第一原理计算使人们能深入研究物质的电子结构，模拟甚至预测材料的结构和性能。我们拟针对第一原理计算中的两类重要方程---Kohn-Sham方程和Sternheimer方程---研究高效数值计算方法。首先，Kohn-Sham方程能很好地描述材料的基态性质。该方程是一类非线性特征值问题。我们拟针对Kohn-Sham方程及其相关的非线性边值问题设计和分析后处理双尺度有限元离散方法。第二，第一原理GW方法能合适地描述材料的激发态性质。Sternheimer方程是第一原理GW方法中的重要方程。该方程是非对称正定的线性椭圆方程，我们拟在第一原理GW计算软件包BerkeleyGW中针对该方程设计基于平面波离散的双网格方法。在某些频率值上Sternheimer方程离散后得到的线性方程组是病态的，我们拟对该方程组设计合适的预处理迭代法以提高计算效率。

The first-principles calculations enable one to study electronic structures of materials. One can simulate and even predict structure and nature of materials by the first-principles calculations.

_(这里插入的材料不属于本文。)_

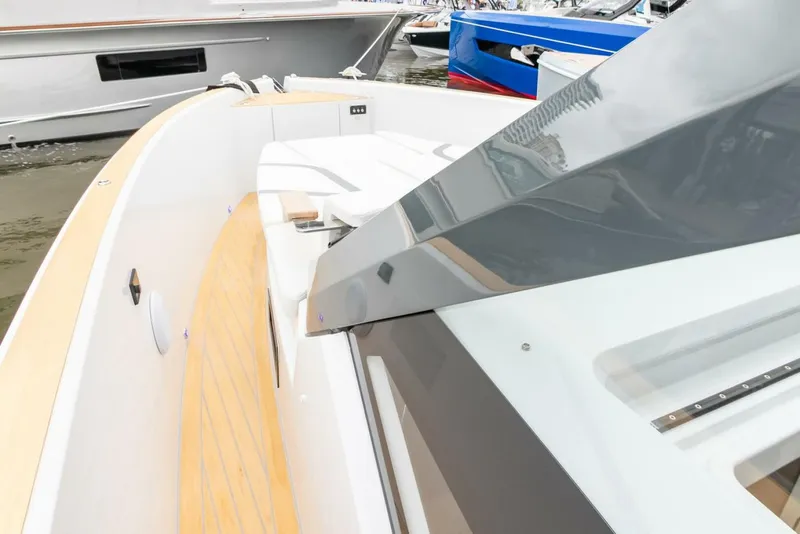 Slide: The Image of Fjord 39 XP 2024 - 4282951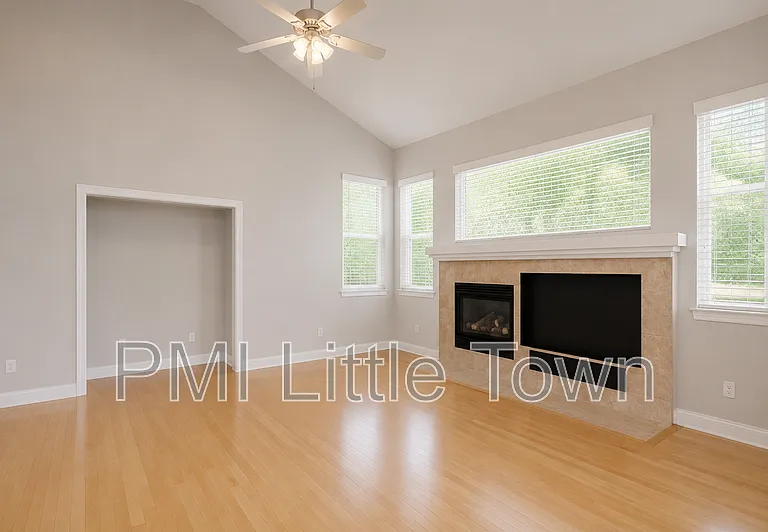 10105 Mockingbird Ln — Photo 6
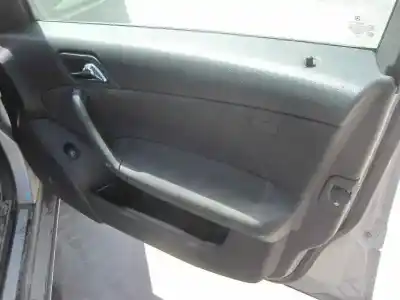 Sloopvoertuig mercedes-benz clase c (w203) berlina 220 cdi (203.006) van het jaar 2004 aangedreven 646963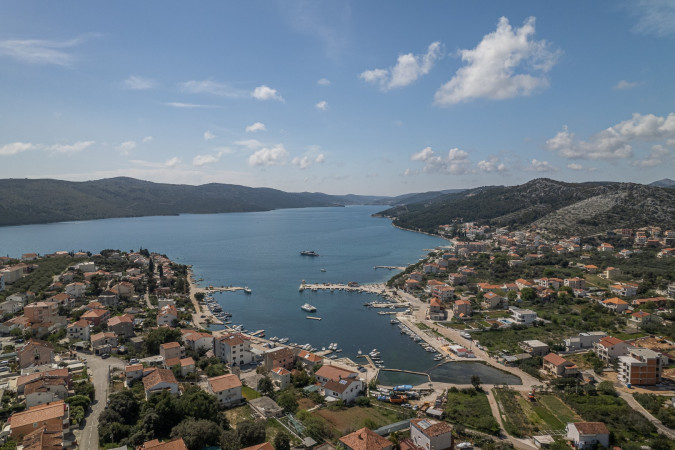 Villa Barbara & Zoran with free parking and heated swimming pool, Seget Vranjica - Croatia Seget Vranjica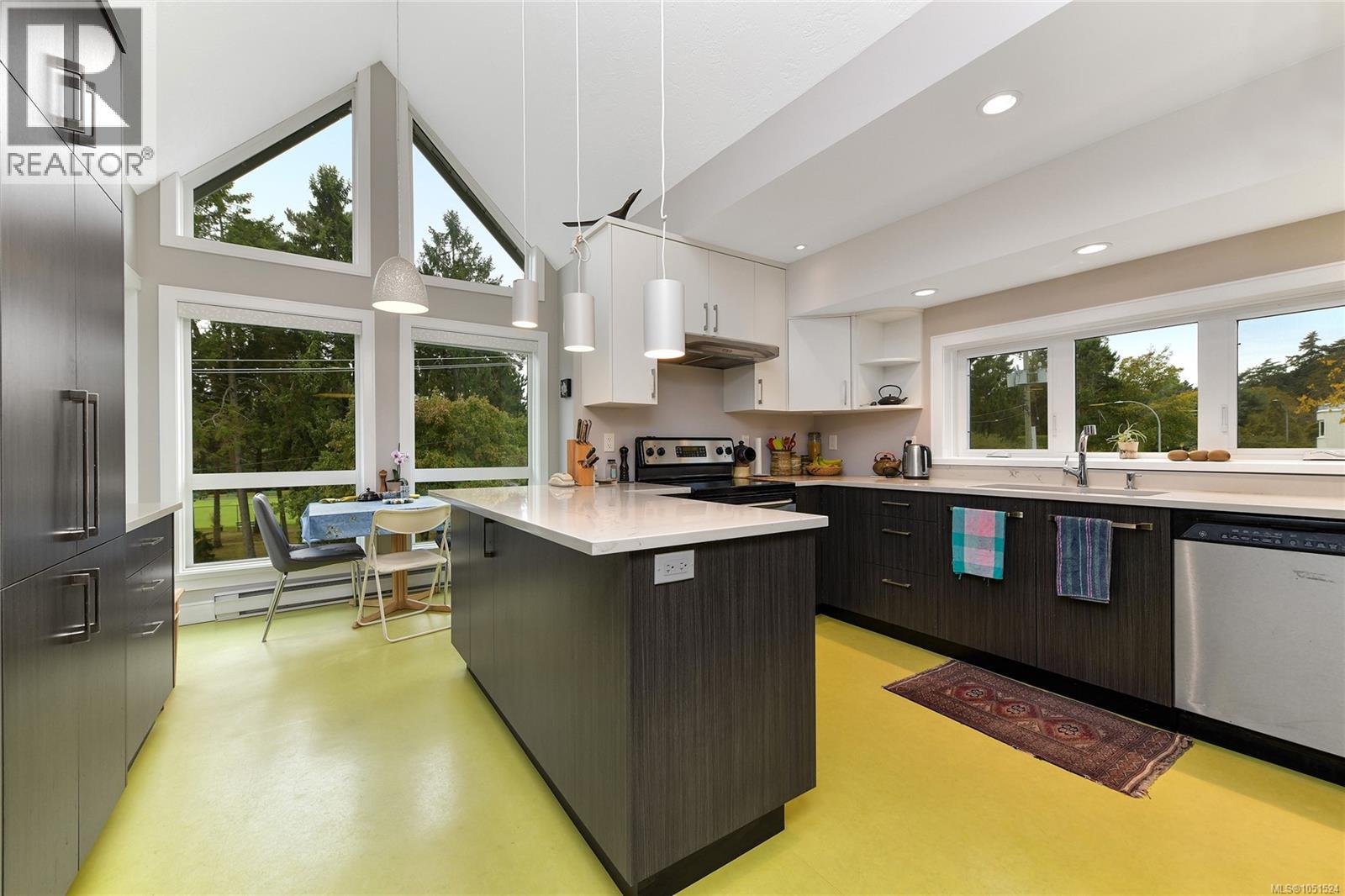 401 1000 Park Boulevard, Victoria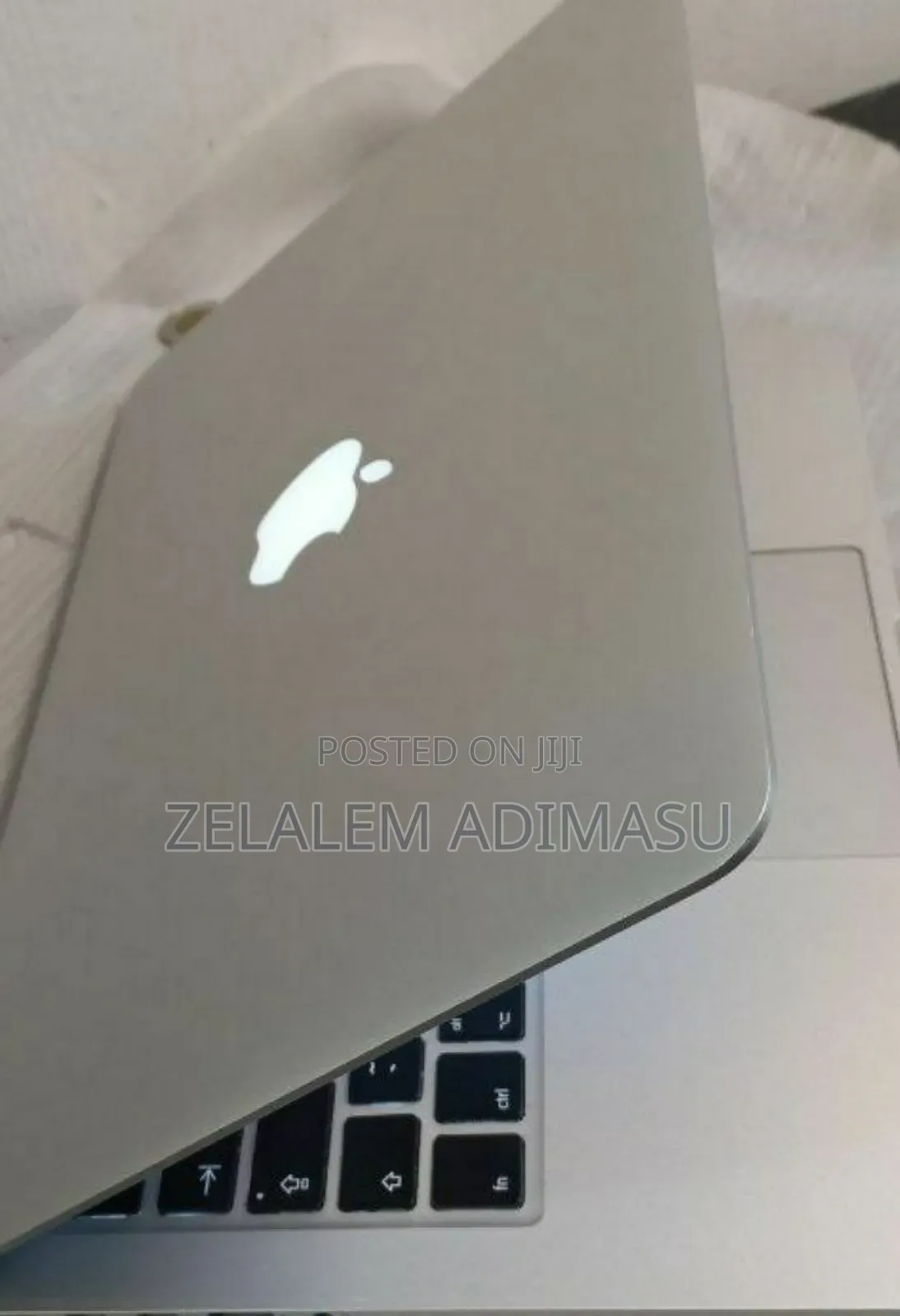 New Laptop Apple MacBook Pro 2015 8GB Intel Core I5 SSD 256GB
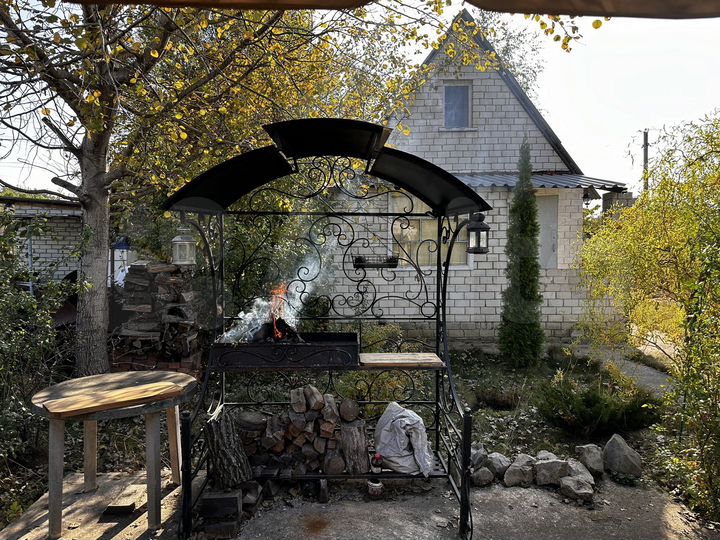 Дача 40 м² на участке 6 сот.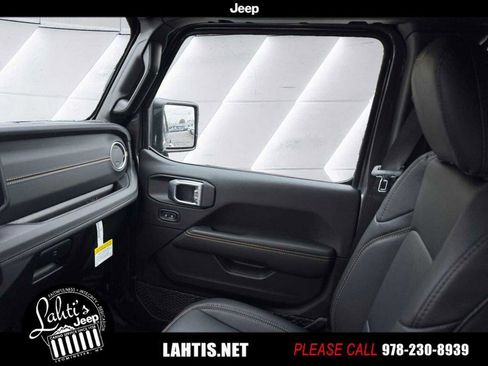 New 2026 Jeep Wrangler Unlimited Sahara image 10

We will study the high efficient numerical methods for solving the Kohn-Sham equations and the Sternheimer equations which are very important in the first-principles calculations. Firstly, the ground state properties of materials can be described by the Kohn-Sham equations very well. The Kohn-Sham equations are nonlinear eigenvalue problems. We will design and analyze postprocessed two-scale finite element discretizations for the Kohn-Sham equations and the related nonlinear boundary value problems. Secondly, the excited state properties of materials can be described by the first-principles GW method properly. The Sternheimer equations, which are non-SPD linear elliptic problem, are important in the first-principles GW method. We will design a two-grid method for the Sternheimer equations based on the plane-wave discretization in the software BerkeleyGW, in which the first-principles GW method is implemented. Because the linear systems from the Sternheimer equations at some frequencies can be ill-conditioned, we will develop proper preconditioned iterative method to improve the computational efficiency.